PROVIDED MATERIAL Start Marker
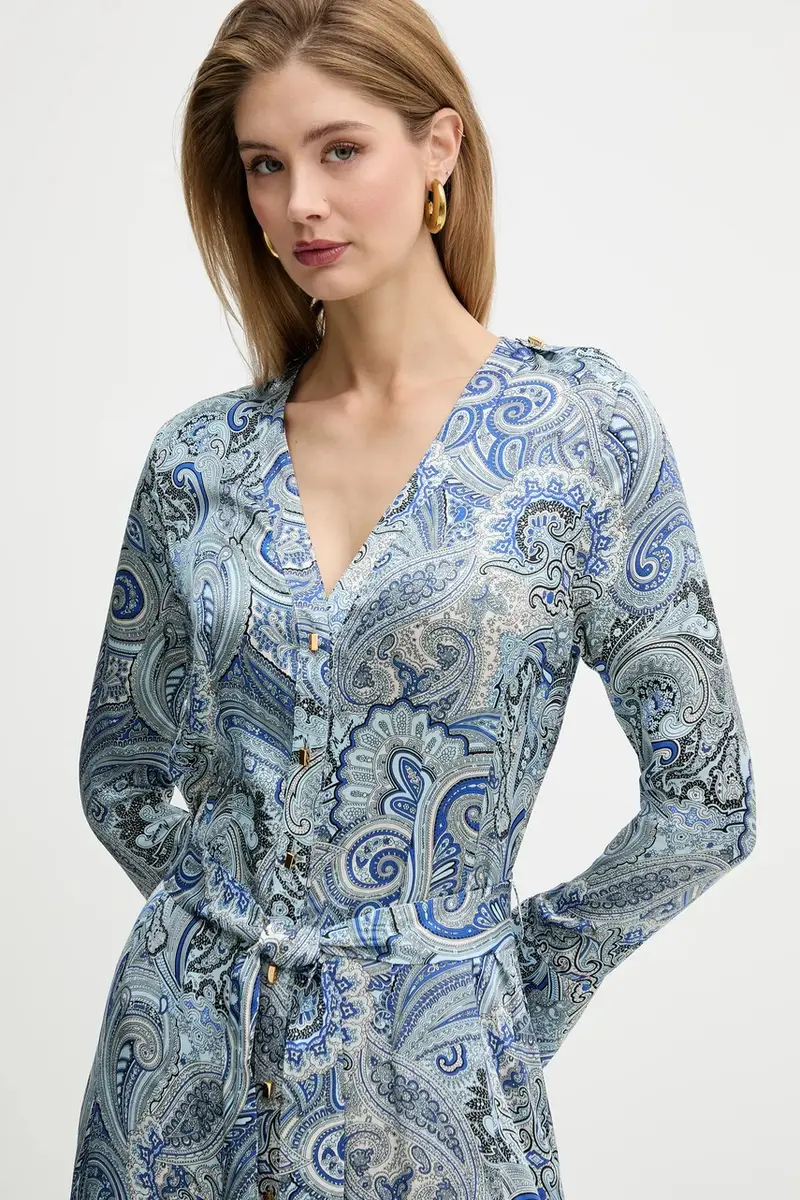 Marciano Guess vestito BRITNEY Blu miniatura 4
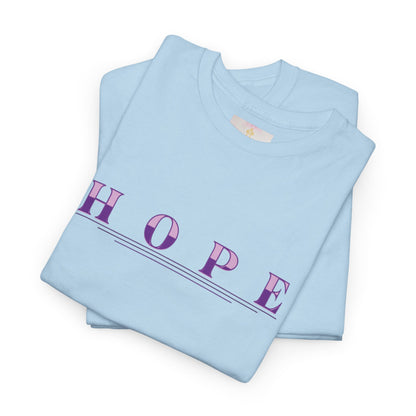 Men’s “Hope” Tee – Bold Scripture Design | Isaiah 40:31
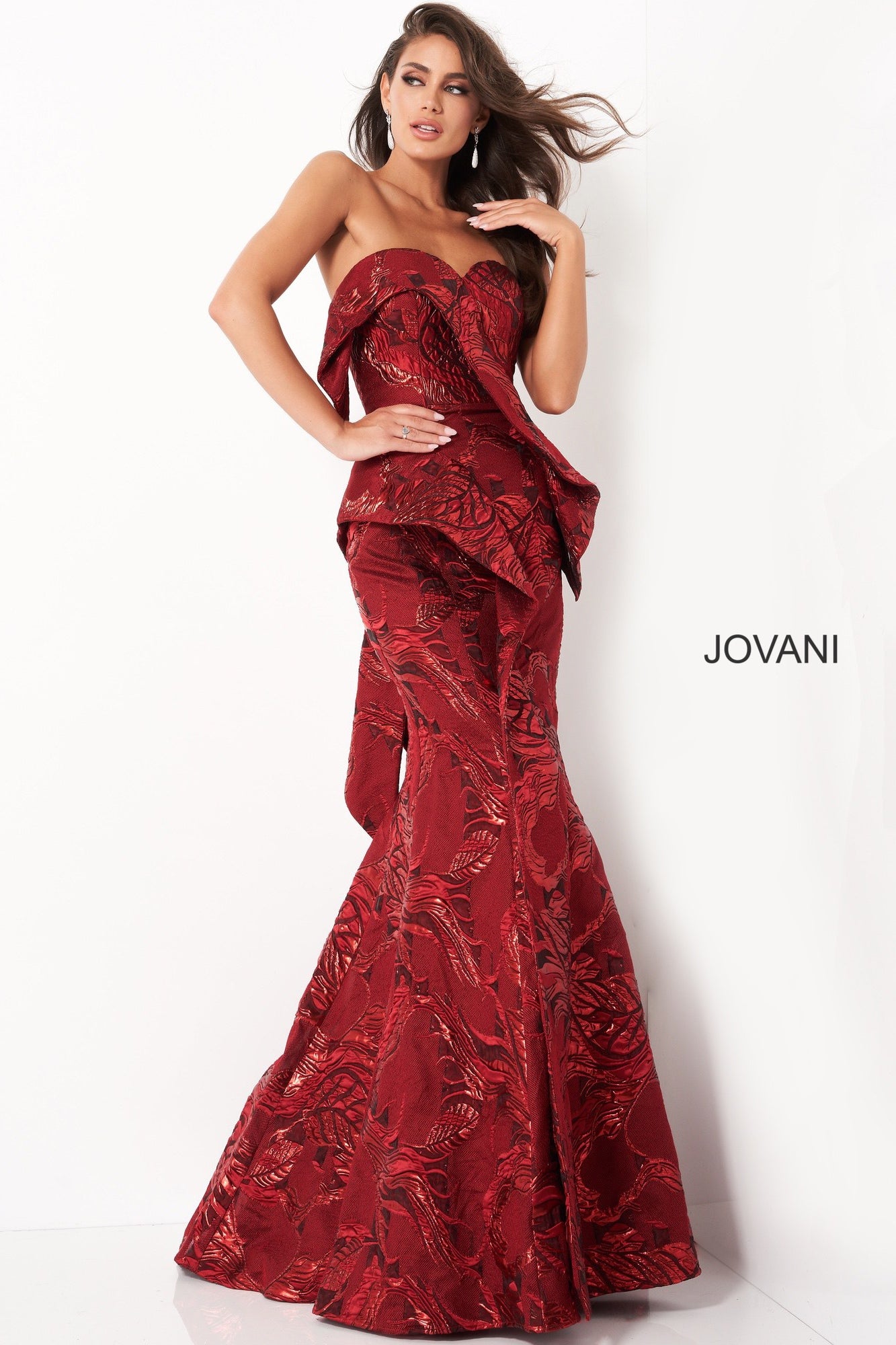 Jovani 05020 - Elbisny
PROVIDED MATERIAL End Marker
**EXERCISE DESCRIPTION**.
Without the pictures, write out the whole listing above exactly as it appears.

**EXPECTED ANSWER**.
 Marciano Guess vestito BRITNEY Blu miniatura 4
 Men’s “Hope” Tee – Bold Scripture Design | Isaiah 40:31
 Jovani 05020 - Elbisny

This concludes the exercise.